Sin embargo, de la ecuación en principio mostrada y con efectos actuales, ha de apartarse la ignorancia de un pueblo desconocedor, en donde la legitimidad se trasladaba a espectáculos de fuerza y hazañas lejos de lo humano, a un contexto de hiper-información y con rendimiento de cuentas on demand.
La dirigencia en el caso colombiano no se aleja de esto. El espectáculo, ocupando gran parte de la agenda durante el cuatrienio, se ha visto representado por la atracción de escándalos nacionales, diatribas a dirigentes de países vecinos, en un impulso casi que quijotesco, todos estos y entre otros, con primera plana en la gaceta cotidiana.
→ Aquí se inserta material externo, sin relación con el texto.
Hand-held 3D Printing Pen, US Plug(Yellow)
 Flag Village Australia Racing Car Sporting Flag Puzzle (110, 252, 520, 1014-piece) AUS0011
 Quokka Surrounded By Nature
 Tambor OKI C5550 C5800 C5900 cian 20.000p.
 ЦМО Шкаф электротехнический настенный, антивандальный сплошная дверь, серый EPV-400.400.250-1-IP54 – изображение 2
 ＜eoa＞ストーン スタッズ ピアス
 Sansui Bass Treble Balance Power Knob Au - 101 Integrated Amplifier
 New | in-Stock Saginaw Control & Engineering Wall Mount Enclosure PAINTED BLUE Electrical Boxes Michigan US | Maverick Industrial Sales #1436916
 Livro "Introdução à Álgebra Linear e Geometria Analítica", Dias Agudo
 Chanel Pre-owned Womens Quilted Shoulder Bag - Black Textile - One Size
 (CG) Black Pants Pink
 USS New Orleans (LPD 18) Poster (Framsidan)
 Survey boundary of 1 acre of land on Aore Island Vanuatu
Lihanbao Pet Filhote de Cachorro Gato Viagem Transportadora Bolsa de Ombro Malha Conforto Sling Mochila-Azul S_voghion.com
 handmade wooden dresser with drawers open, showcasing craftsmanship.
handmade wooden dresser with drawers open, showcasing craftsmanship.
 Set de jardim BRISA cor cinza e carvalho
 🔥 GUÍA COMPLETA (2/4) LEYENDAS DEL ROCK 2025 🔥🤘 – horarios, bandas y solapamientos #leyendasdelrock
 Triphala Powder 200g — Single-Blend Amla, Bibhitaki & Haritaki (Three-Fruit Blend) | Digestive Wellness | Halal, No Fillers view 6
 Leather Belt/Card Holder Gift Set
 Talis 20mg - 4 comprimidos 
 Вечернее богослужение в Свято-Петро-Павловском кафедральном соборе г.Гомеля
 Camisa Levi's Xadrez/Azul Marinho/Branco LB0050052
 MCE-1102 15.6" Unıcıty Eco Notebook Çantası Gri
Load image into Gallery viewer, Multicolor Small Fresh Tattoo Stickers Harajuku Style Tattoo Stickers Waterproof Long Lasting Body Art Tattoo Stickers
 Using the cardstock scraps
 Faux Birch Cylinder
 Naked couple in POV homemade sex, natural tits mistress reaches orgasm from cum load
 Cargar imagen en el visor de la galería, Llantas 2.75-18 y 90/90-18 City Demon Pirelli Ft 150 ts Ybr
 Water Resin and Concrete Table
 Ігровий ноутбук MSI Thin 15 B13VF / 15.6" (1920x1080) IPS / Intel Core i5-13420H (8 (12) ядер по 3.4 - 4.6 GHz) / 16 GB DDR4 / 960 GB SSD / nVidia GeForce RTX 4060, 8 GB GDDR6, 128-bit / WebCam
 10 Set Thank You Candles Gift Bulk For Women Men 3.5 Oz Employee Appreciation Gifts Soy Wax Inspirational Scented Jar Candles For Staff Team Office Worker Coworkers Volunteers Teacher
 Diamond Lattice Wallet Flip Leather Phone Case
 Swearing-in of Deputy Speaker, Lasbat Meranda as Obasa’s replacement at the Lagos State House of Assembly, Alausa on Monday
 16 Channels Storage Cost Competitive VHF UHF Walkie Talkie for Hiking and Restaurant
Así, pareciera que la manifestación de su legitimidad, distante a metas cumplidas y propósitos de actuación según una dinámica planear-hacer-resolver ante el sinfín de problemas que atraviesan el país, se respalda en el ataque constante a fantasmas del pasado o, según convenga, creados tras la repetición que disponen los medios frecuentes; su gobernabilidad se ha reducido a un actuar esquizoide, cuyo final vislumbra un conjunto habitual de miedos patológicos ante una estabilidad y respaldo nunca encontrado.
Muestra de lo anterior, es un presidente que, desde hace una semana, se jacta en la escena internacional de logros inexistentes o con aplicabilidad en sectores ínfimos del país. Salvaguardado tras una brecha del tamaño del Océano Atlántico, pretende desconocer que su gobierno, lejos de apagar las primeras llamas que significó su posesión, deja un barco que se hunde, en un instante de sálvese quien pueda con una mayoría de tripulantes conscientes tras el fracaso.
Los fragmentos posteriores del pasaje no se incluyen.